Al marcar inicios de febrero en el calendario, cada año, las ofertas de San Valentín empiezan a sonar en las radios. Muchas jóvenes inician a hablar sobre qué harán para esa fecha, y en los colegios, el día se convierte en una semana marcada por actividades, muchas de generación de ingresos, para conmemorar el día del amor y la amistad.

Entre la combinación perfecta de publicidad, presión social y entusiasmo, muchos nos envolvemos en una “ola” de amor y amistad, siguiéndole el “flow al asunto”, como diríamos en buen lenguaje popular.

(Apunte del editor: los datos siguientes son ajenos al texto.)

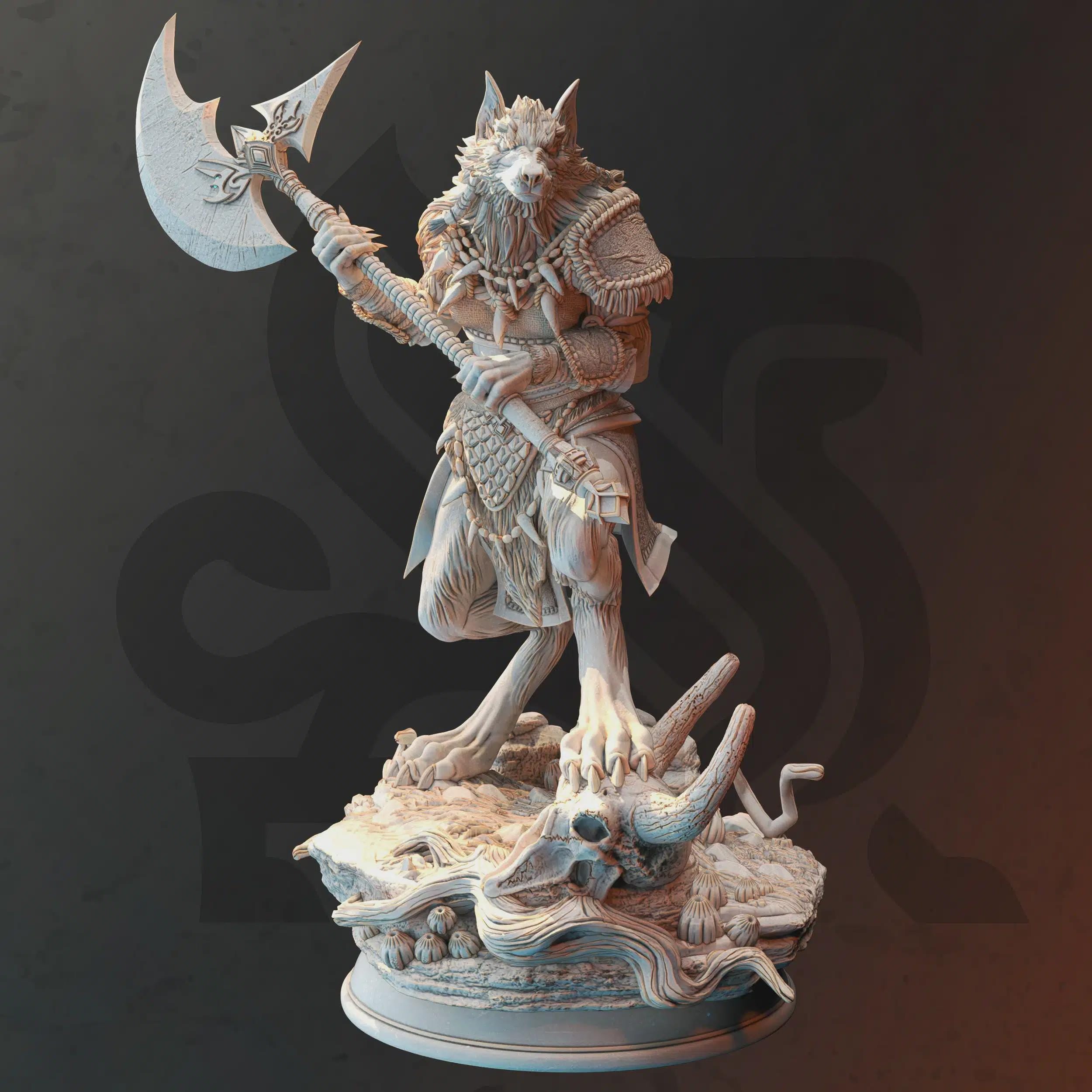 Female Werewolf Barbarian Fighter Miniature - Ariana Grey, The Wolf Queen (Wolf Form) - DM Stash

Así mismo, mientras me “dejaba llevar” por aquella ola, una discusión que escuché hace algunos días me desmontó de aquella fantasía. Aquella noche, un señor le gritaba a su esposa y amenazaba de golpearla “si se metía en el medio”, mientras pegaba a correazos a su hijo de 8 años. Fue en aquel momento, que cualquier buen pensamiento de San Valentín inmediatamente se desvaneció en mi cerebro y fue sustituido por sentimientos de impotencia, dolor y tristeza.

Aquel incidente parecía una alarma, queriendo recordarme que así como el sol no puede ser tapado por un dedo, tampoco un día puede ocultar nuestra realidad. Y es que mientras utilizamos este día para comprarle arreglos florales a nuestras parejas, preparar cenas de cuatro tiempos, y/o planear alguna sorpresa especial, nos olvidamos de cómo se vive una realidad tan diferente durante el resto del año.

La violencia que aquella noche tenía que escuchar y ver la esposa, sin responderle a su esposo para que no le golpeara, son las acciones que han creado la necesidad del feminismo, la de muchas mujeres reclamando igualdad. Igualdad, porque así como nuestra humanidad gradualmente ha podido entender la mediocridad basada en diferencias de razas, así mismo es momento de entender que una persona no es superior a otra por su condición biológica, y tampoco que quien grita, golpea u ofende, ama. 

Es tiempo de que de una vez por todas construyamos las relaciones que decimos que queremos ver en nuestra sociedad. Esta decisión amerita convicción de los hombres y las mujeres, pues no es nada fácil des-construir hábitos que han permeado el desarrollo social dominicano y que han funcionado para obstaculizar adaptación al cambio.

Para vivir la realidad de parejas que se aman, basadas en el apoyo y respeto mutuo, debemos empezar a celebrar esta clase de comportamientos públicamente. Y aunque lo ideal sería ver esto promovido constantemente por las principales figuras públicas incidentes en el mundo social, y en los comerciales de las principales agencias publicitarias del país, esto, también inicia con pequeños pasos públicos ante nuestros círculos de referencia. Por ejemplo, no quitarle la escoba de la mano o la esponja de fregar a un hombre cuando este se ofrece a limpiar. No asociar su emocionalidad como algo “anti varonil”, ni diferenciar los derechos y responsabilidades que tiene un hijo y una hija en una casa basado en costumbres sociales. Tampoco, castigar a una mujer por salir con varios hombres, mientras se le permite al hombre entrar múltiples mujeres a dormir en la casa, ni cortarle las alas a una niña tildándola de adjetivos lacerantes, cuando demuestra actitudes de liderazgo dentro de su clase. 

Hace falta amor de verdad. Amor basado en el respeto, apoyo y admiración constante por el otro. Amor por tener a alguien que es alguien sin uno, amor por una persona que al conocer, tenga su propia identidad y que al estar juntos, cada uno la mantenga. Hace falta amor por una persona que no tenga que ser “de” alguien, si no, junto a alguien. Hace falta amor por uno mismo para saber cuándo poner límites y para tener una firma convicción de construir esa clase de amor, que desconozca la violencia.